**Action item:** What to return is the tail of the data, from the line that contains "Cute cartoon cat" down to the last line, copied exactly.

**Extracted information:**

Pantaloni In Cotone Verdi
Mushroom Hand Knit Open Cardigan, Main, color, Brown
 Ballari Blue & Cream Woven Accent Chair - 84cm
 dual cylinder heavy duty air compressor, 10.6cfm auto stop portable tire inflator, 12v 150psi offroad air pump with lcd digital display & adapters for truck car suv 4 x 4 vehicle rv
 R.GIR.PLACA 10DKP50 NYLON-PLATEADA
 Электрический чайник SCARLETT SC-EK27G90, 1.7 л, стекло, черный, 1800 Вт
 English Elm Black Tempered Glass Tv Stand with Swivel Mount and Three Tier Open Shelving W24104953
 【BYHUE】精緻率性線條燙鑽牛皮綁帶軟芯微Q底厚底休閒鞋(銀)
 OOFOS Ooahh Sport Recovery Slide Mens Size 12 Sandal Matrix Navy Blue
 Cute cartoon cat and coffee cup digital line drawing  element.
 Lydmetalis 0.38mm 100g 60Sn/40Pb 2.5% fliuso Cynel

**Final answer:**
 Cute cartoon cat and coffee cup digital line drawing  element.
 Lydmetalis 0.38mm 100g 60Sn/40Pb 2.5% fliuso Cynel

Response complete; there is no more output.